What to work on:
Below this line are records; write out exactly the lines from the one containing "How am I doing" through the one containing "Let's start with", with the pictures left out.

━━ Given entries

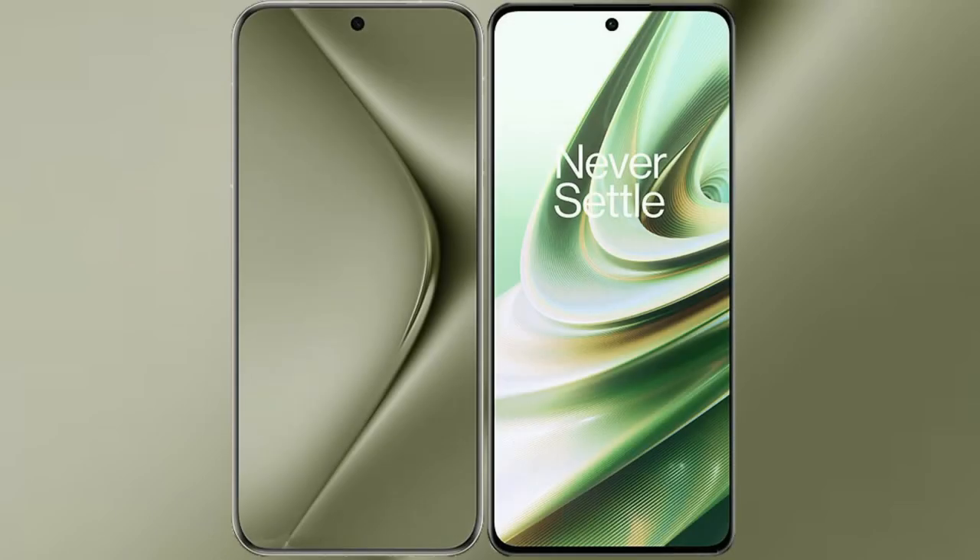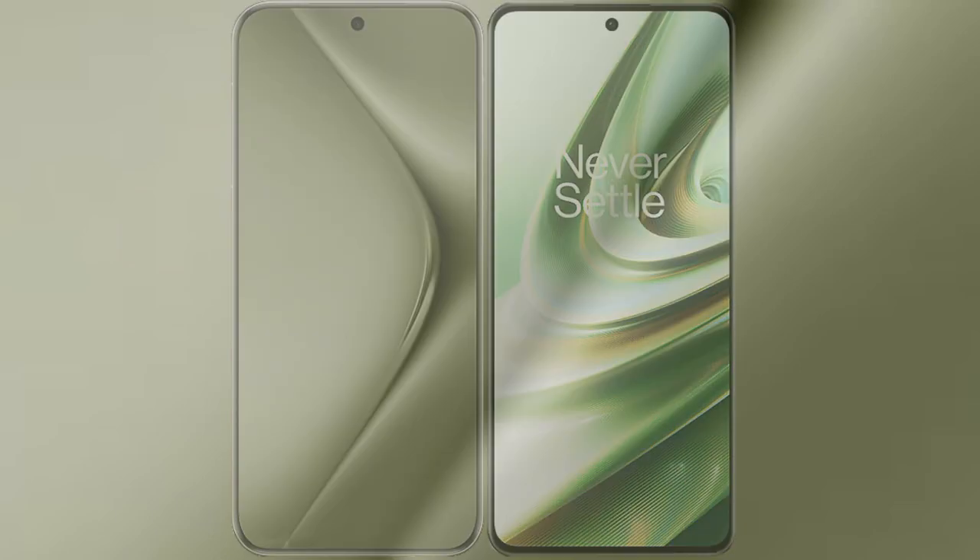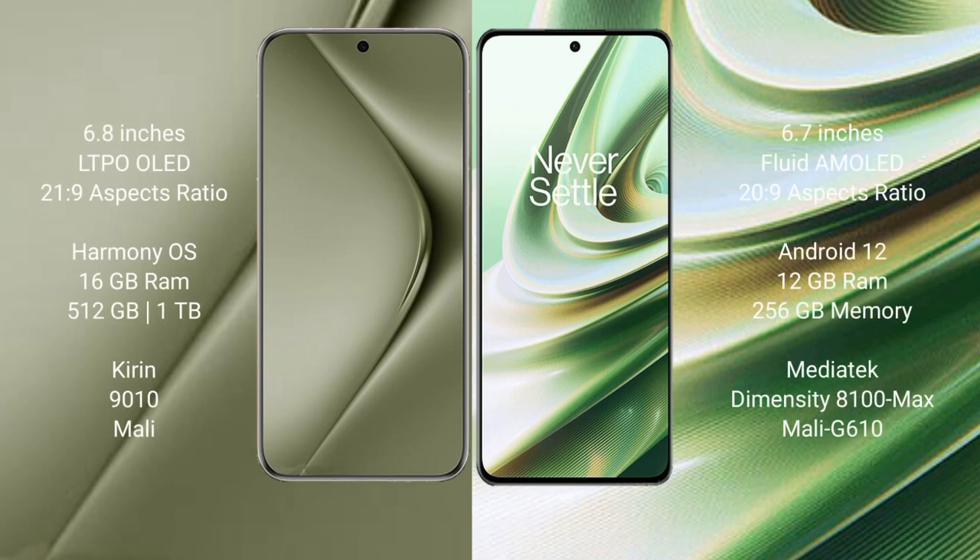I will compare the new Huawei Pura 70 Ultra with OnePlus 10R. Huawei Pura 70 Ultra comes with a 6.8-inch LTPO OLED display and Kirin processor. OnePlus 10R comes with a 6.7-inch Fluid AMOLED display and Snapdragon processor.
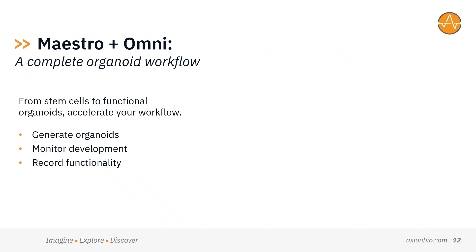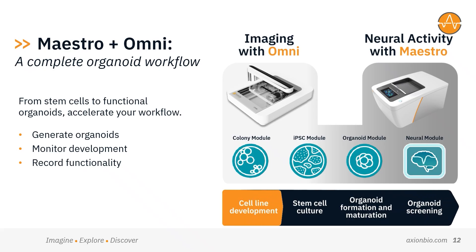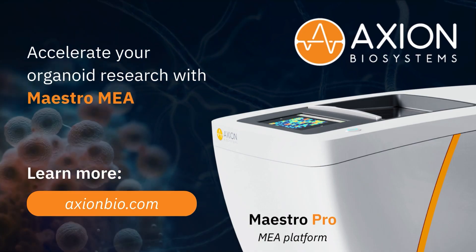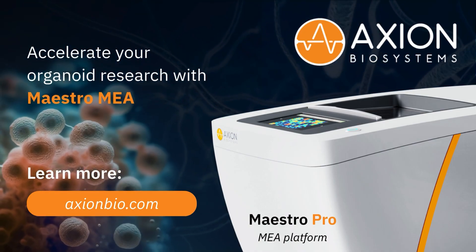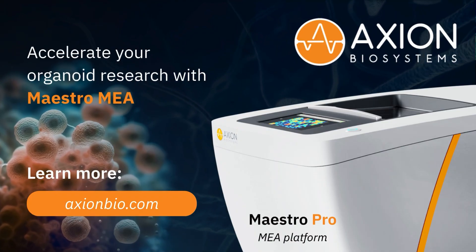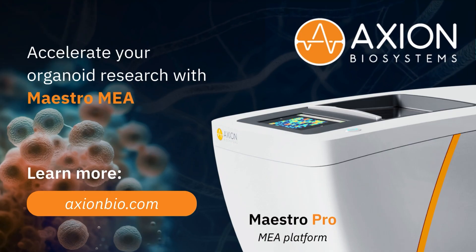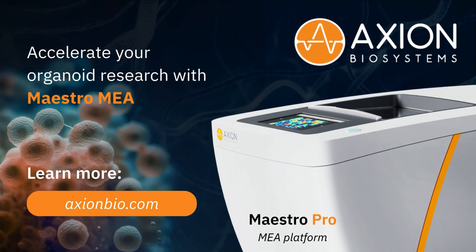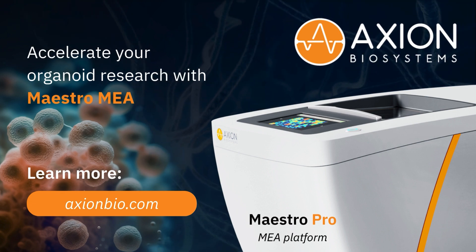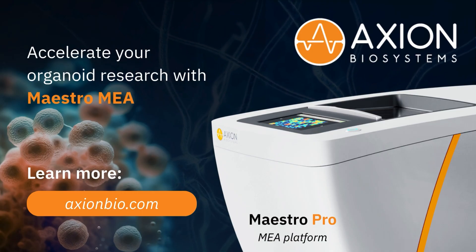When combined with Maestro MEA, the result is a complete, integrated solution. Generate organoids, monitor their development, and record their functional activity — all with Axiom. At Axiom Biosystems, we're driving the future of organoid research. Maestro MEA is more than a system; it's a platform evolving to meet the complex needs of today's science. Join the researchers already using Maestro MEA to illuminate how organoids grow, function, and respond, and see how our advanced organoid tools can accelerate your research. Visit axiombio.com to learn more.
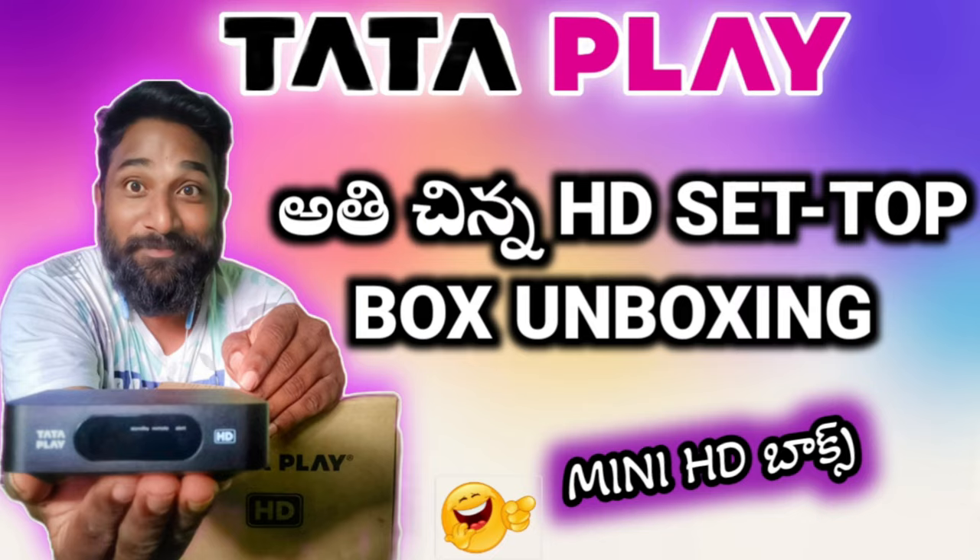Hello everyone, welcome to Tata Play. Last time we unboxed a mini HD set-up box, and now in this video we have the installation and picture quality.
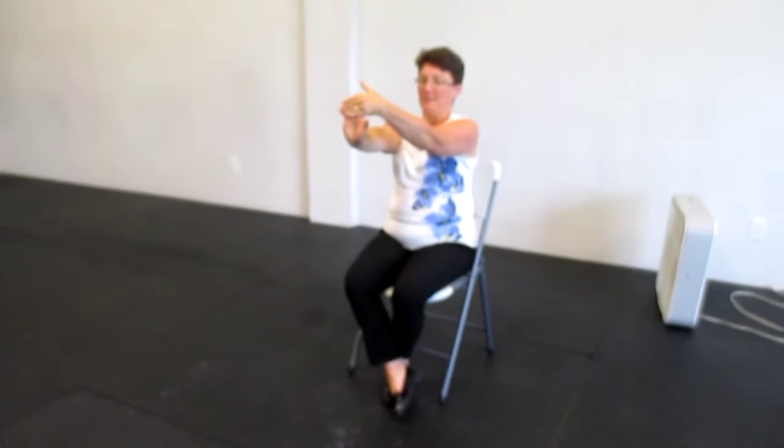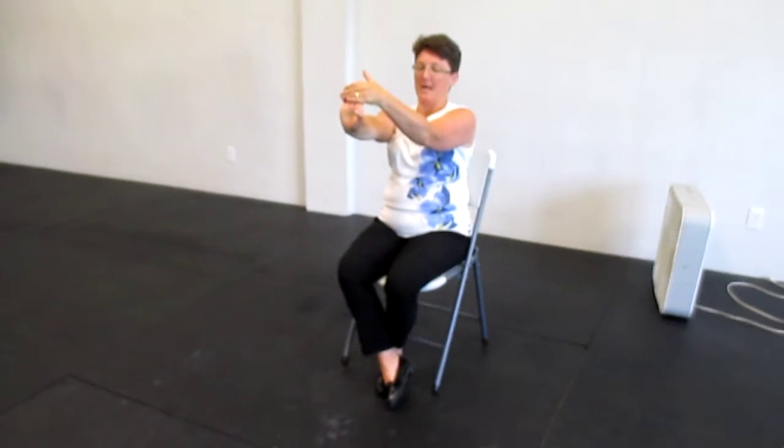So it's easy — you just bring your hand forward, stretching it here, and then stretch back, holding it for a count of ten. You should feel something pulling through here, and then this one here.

━━━━
━━ Given entries

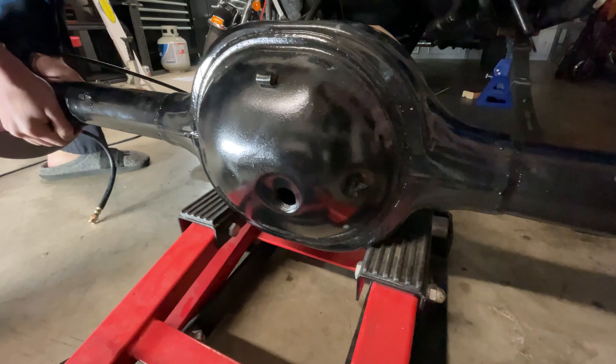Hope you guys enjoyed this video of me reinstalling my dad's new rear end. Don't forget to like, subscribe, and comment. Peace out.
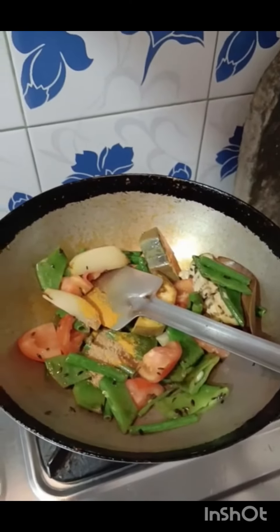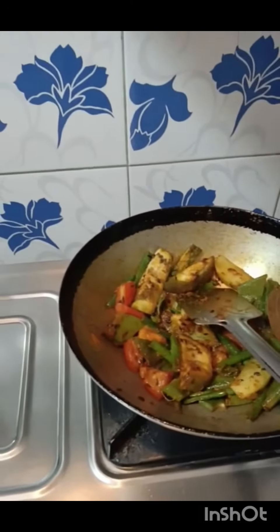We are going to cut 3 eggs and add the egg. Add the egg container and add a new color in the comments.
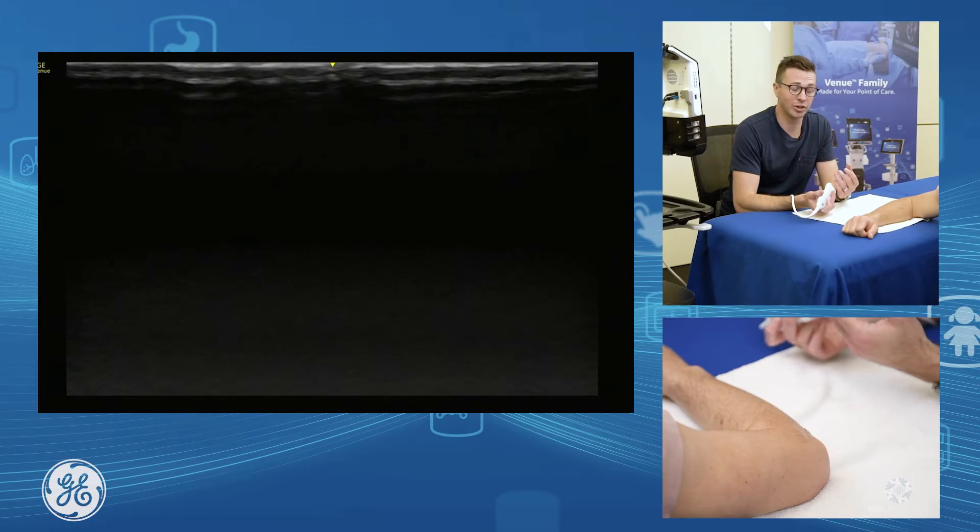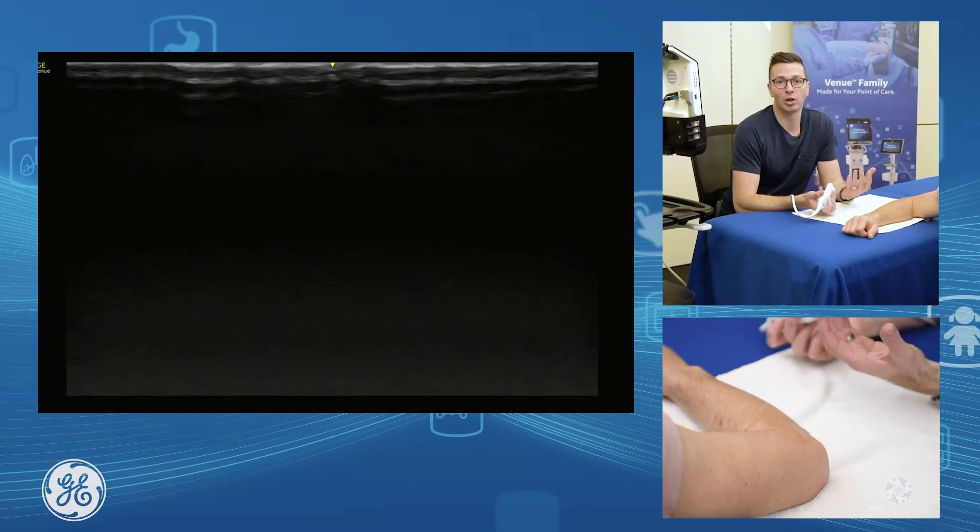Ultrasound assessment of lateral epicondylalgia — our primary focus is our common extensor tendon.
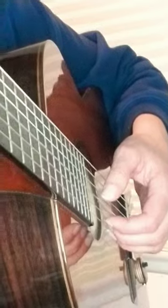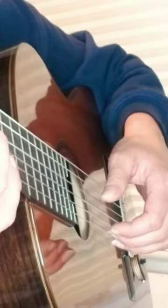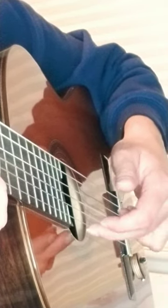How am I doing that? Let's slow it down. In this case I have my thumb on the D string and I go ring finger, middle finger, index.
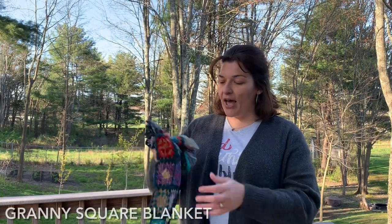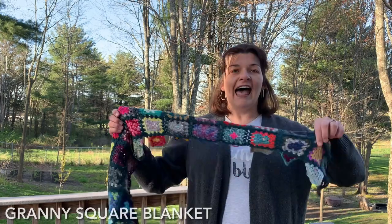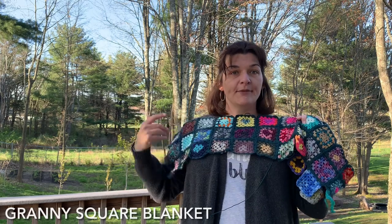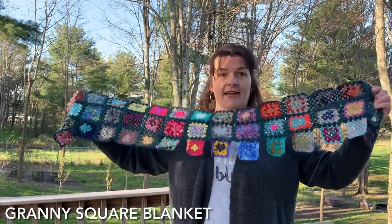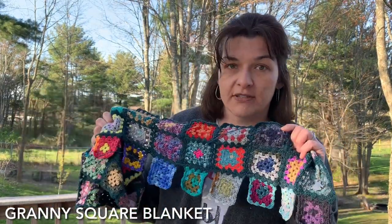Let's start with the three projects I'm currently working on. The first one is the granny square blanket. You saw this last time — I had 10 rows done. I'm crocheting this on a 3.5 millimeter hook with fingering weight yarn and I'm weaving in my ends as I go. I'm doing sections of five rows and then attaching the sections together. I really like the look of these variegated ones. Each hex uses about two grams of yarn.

━━━━

Written response:
How am I doing that? Let's slow it down. In this case I have my thumb on the D string and I go ring finger, middle finger, index.
Let's start with the three projects I'm currently working on. The first one is the granny square blanket. You saw this last time — I had 10 rows done. I'm crocheting this on a 3.5 millimeter hook with fingering weight yarn and I'm weaving in my ends as I go. I'm doing sections of five rows and then attaching the sections together. I really like the look of these variegated ones. Each hex uses about two grams of yarn.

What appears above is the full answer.